→ **Exercise description**
Below are entries; copy exactly the lines from the one with "Ahead USA Mens" through the one with "Candidato NATALIA BRAGA", both included, and leave out the rest.

+++

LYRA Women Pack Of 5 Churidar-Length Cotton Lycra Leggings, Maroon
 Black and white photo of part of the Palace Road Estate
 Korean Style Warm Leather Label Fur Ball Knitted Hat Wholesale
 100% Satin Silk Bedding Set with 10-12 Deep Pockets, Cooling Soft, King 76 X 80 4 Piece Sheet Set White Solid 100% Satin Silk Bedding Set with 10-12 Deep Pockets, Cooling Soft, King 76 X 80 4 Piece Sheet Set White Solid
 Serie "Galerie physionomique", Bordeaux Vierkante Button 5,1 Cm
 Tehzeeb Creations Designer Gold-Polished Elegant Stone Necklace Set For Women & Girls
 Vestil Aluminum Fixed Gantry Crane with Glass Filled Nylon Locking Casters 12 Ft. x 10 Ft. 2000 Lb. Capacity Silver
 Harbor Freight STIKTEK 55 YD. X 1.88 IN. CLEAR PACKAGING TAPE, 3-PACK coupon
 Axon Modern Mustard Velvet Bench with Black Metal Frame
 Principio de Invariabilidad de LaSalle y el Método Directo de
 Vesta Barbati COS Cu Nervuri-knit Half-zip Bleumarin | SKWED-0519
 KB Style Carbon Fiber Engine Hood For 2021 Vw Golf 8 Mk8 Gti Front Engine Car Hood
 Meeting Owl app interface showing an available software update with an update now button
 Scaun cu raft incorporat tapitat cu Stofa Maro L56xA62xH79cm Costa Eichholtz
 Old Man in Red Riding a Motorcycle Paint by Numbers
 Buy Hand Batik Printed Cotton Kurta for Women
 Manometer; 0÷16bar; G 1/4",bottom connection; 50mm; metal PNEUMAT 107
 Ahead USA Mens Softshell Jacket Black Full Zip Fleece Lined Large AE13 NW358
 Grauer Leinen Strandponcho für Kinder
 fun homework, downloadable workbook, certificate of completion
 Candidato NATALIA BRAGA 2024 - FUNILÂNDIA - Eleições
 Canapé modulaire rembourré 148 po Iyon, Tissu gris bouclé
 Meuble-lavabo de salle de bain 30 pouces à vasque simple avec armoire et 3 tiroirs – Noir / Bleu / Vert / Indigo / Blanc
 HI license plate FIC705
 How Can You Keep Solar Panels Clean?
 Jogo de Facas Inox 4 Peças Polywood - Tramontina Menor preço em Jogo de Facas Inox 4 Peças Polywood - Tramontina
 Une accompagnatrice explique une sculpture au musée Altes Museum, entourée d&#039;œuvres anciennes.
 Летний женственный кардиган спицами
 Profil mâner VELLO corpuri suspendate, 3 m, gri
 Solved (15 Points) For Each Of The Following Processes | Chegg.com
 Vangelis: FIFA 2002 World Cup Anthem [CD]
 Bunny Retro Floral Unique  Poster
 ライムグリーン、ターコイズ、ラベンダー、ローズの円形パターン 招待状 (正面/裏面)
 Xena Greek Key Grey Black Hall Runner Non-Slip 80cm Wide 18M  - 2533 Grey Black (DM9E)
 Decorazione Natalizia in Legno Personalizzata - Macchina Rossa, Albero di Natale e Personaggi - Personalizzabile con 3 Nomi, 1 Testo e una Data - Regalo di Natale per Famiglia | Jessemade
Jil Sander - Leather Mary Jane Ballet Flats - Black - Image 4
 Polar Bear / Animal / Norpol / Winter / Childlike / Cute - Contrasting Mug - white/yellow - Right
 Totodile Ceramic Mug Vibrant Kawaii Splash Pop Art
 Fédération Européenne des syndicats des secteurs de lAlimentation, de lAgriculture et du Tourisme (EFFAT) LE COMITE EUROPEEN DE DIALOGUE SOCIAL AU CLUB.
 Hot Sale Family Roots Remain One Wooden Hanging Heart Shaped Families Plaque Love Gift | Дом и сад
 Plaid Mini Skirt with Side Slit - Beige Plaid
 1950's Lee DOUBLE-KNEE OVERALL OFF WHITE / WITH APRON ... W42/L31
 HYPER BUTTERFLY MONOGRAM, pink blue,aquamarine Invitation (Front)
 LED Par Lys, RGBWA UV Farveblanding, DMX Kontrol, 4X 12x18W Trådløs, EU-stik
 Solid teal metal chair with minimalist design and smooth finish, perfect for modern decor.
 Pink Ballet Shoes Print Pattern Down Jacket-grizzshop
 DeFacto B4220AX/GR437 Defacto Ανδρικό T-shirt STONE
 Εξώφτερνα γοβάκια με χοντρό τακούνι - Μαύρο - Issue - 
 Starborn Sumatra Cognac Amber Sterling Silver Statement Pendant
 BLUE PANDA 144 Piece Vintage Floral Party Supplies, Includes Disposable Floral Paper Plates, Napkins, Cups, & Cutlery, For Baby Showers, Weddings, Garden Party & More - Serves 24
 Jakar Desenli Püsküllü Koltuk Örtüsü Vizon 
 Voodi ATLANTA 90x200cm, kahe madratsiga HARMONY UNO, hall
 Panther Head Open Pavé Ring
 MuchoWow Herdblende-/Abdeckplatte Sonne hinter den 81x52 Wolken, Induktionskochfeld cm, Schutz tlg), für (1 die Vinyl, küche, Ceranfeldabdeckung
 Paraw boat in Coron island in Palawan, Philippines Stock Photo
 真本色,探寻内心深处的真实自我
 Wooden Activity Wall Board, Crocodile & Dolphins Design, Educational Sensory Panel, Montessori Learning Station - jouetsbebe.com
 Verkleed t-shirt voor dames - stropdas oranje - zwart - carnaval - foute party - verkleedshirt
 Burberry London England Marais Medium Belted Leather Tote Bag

+++

→ **Your response**
 Ahead USA Mens Softshell Jacket Black Full Zip Fleece Lined Large AE13 NW358
 Grauer Leinen Strandponcho für Kinder
 fun homework, downloadable workbook, certificate of completion
 Candidato NATALIA BRAGA 2024 - FUNILÂNDIA - Eleições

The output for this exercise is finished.